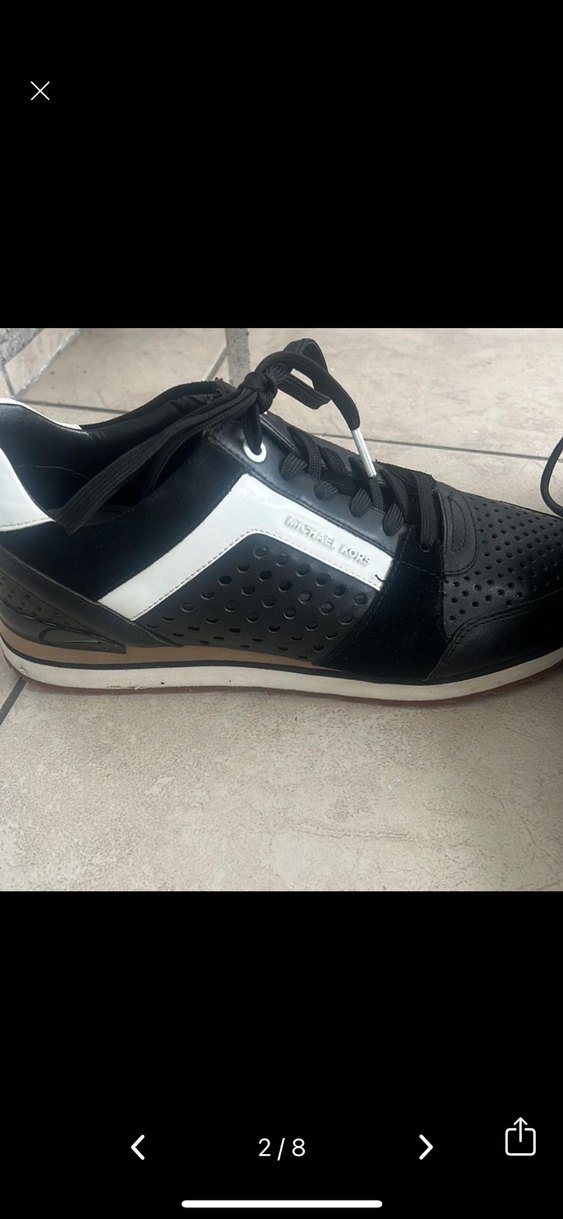 Siyah Çizgili Kadın Spor Ayakkabı - Görsel 2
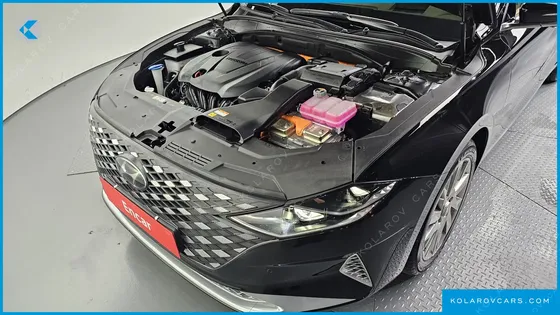 HYUNDAI GRANDEUR CALLIGRAPHY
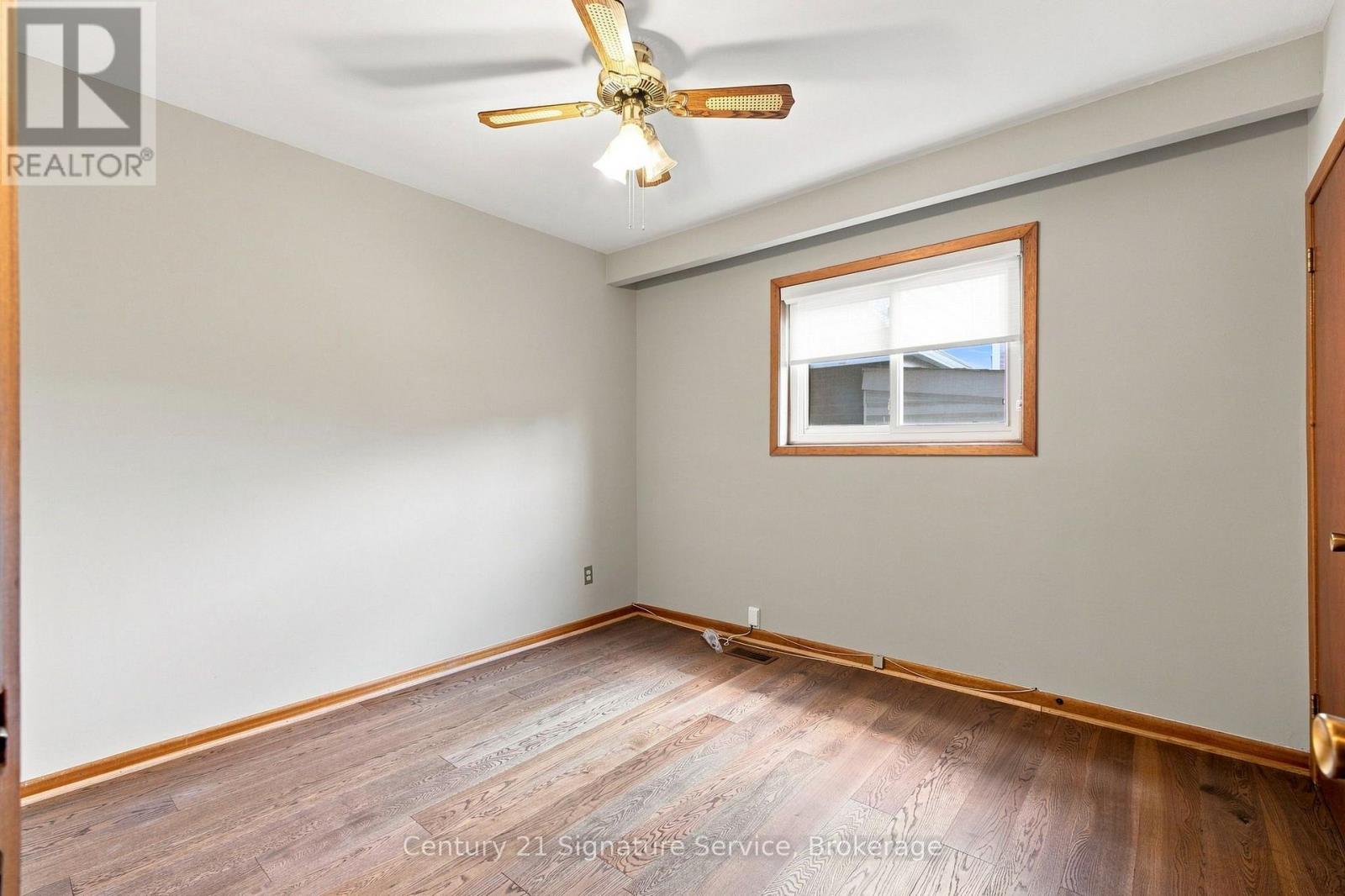 524 Silverthorn Avenue Property Photo 14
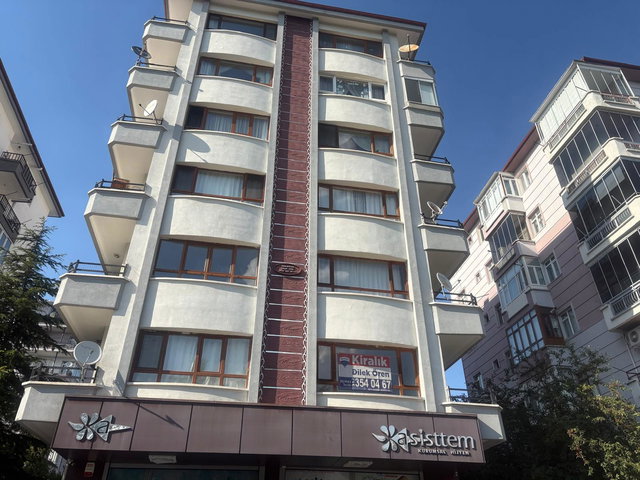 DEMETEVLER CEMRE PARKINA CEPHE BOŞ KİRALIK 3+1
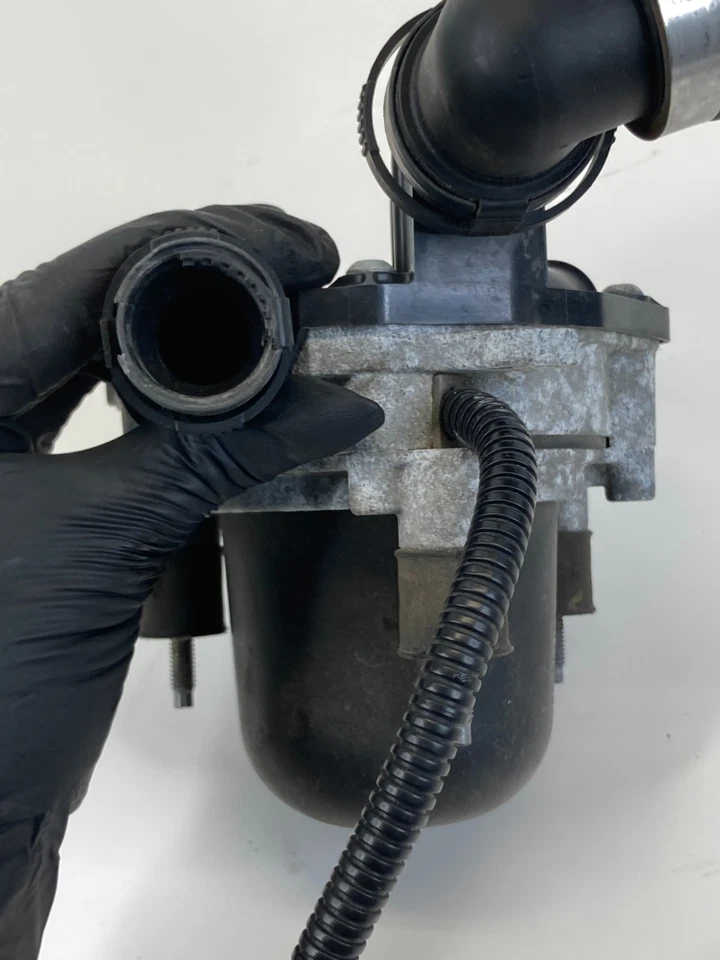 Chevrolet Sonic 2013-2018 bomba de inyección de aire secundaria con soporte 55569076 OEM Foto 4 de 4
+===+
▶ Task:
The required response consists solely of the lines from the line containing "HYUNDAI GRANDEUR CALLIGRAPHY" through the end of the listing, both ends included, copied exactly without pictures.

▶ Written response:
 HYUNDAI GRANDEUR CALLIGRAPHY
 524 Silverthorn Avenue Property Photo 14
 DEMETEVLER CEMRE PARKINA CEPHE BOŞ KİRALIK 3+1
 Chevrolet Sonic 2013-2018 bomba de inyección de aire secundaria con soporte 55569076 OEM Foto 4 de 4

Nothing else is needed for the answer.